Tuttavia, tentare accordi stragiudiziali è quasi sempre consigliabile come prima mossa, quantomeno con i creditori principali: se c’è spazio di dialogo, si percepisce già qui. E molte procedure concorsuali nascono come evoluzione di accordi stragiudiziali non completamente riusciti.
Composizione negoziata della crisi (CNC)
La composizione negoziata è uno strumento introdotto con il D.L. 118/2021 (poi confluito nel Codice della crisi agli artt. 12-25 quinquies CCII) che consente all’imprenditore in stato di crisi o insolvenza reversibile di farsi affiancare da un esperto indipendente per tentare una soluzione concordata con i creditori. Si tratta di una procedura volontaria e confidenziale (almeno nella fase iniziale) che si svolge fuori dal tribunale, salvo alcune autorizzazioni.
Come funziona in sintesi: – L’imprenditore presenta istanza di nomina di un esperto della crisi tramite la piattaforma telematica apposita, fornendo informazioni sulla propria impresa e sulle cause della crisi. – Viene nominato (dalla CCIAA o da apposita commissione) un esperto terzo, solitamente un commercialista o avvocato con competenze in ristrutturazioni, che convoca l’imprenditore e ascolta le parti. – Si svolgono incontri tra l’imprenditore e i creditori sotto la supervisione dell’esperto, il quale facilita le trattative, sprona le parti a trovare un accordo equo e valuta la sostenibilità delle proposte. – Durante la composizione negoziata, l’impresa può chiedere misure protettive al tribunale (ad es. sospensione individuale delle azioni esecutive per la durata dei negoziati, in genere 4 mesi prorogabili di 1-2), mantenendo però la gestione ordinaria dell’azienda (sotto vigilanza esperto). – Se la negoziazione riesce, può concludersi con un contratto o più contratti con i creditori (es: accordi di ristrutturazione stragiudiziali, moratorie ecc.), oppure con l’accesso a una procedura concorsuale semplificata (es: concordato). – Se fallisce, l’esperto chiude la procedura; a questo punto l’imprenditore può comunque ripiegare su un concordato semplificato per la liquidazione (vedi oltre) entro 60 giorni dalla relazione finale.
La composizione negoziata è stata pensata per intervenire prima che la situazione precipiti, e con maggiore snellezza rispetto a un concordato.
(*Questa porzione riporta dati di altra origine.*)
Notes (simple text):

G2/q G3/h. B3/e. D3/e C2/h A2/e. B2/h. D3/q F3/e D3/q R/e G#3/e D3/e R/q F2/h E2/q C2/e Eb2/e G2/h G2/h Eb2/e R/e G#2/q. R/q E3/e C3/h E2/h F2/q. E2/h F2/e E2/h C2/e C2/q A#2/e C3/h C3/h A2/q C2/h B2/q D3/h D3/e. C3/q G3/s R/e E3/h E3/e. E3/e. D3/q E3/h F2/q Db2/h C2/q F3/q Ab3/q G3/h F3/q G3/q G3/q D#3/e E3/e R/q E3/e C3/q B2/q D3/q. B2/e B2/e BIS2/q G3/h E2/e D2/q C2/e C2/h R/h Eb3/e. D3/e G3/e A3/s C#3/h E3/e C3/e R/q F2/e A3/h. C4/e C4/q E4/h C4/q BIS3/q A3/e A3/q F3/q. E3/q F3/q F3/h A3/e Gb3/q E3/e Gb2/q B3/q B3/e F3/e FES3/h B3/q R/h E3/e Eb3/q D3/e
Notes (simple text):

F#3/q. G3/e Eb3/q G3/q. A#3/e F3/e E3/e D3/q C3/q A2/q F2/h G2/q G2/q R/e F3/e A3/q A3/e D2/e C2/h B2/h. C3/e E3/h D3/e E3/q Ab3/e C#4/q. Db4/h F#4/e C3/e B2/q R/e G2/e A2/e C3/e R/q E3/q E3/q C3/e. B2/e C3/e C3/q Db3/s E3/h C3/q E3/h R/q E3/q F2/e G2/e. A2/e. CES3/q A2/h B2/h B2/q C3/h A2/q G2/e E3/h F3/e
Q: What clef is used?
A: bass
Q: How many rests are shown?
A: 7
Non prevede la presenza di commissari o giudici (salvo eventuale omologazione di accordi se richiesta, o per l’applicazione di misure protettive).
Vantaggi per l’azienda debitrice: – Mantenimento della gestione (l’esperto non sostituisce l’imprenditore, ha ruolo di mediatore/consigliere). – Riservatezza: fino a che non si chiedono misure protettive, la procedura può restare del tutto confidenziale, evitando allarmismi. – Possibilità di ottenere uno stay legale temporaneo (il tribunale può inibire azioni esecutive e sospendere obblighi contrattuali di pagamento, ad es. può autorizzare l’azienda a non pagare temporaneamente alcuni debiti pregressi per favorire la trattativa). – Accesso a misure premiali: ad esempio, se l’imprenditore segue le indicazioni dell’esperto, non incorre in alcune sanzioni previste altrove (è causa di non punibilità per alcune fattispecie di bancarotta semplice impropria, e c’è esenzione da revocatorie per atti compiuti in coerenza col piano). – Al termine, se un accordo è raggiunto, si può dare ad esso diversi “vestiti”: ad esempio, formalizzarlo come accordo di ristrutturazione ex art. 57 CCII, oppure come piano attestato ex art. 56, oppure ancora se proprio serve coinvolgere tutti, convertire in un concordato preventivo pre-pack.
Nel contesto dell’azienda di reti metalliche, la composizione negoziata potrebbe essere utile se la crisi è affrontabile con la collaborazione di alcuni attori chiave (es. la banca principale, due fornitori grossi e il fisco): l’esperto aiuta a mettere tutti d’accordo su un piano, evitando il default. Ad esempio, l’esperto potrebbe far accettare alla banca un allungamento del mutuo, ai fornitori un pagamento parziale, all’Erario una dilazione massima, il tutto coordinato in un piano industriale di rilancio certificato.
Svantaggi e limiti: – Non garantisce il successo: se i creditori non vogliono trattare o hanno aspettative irrealistiche, l’esperto non ha poteri coercitivi (non c’è voto a maggioranza come nel concordato). – Anche con misure protettive, è una corsa contro il tempo (massimo pochi mesi). – L’azienda deve poter continuare nel frattempo: se la cassa è a zero e nessuno fornisce risorse ponte, la negoziazione rischia di avvenire su un paziente che muore nell’attesa. – Costo: l’esperto va pagato (il compenso è fissato, ma è un costo aggiuntivo per un’azienda già in crisi), anche se ci sono incentivi come credito d’imposta sul 50% delle spese sostenute per l’esperto.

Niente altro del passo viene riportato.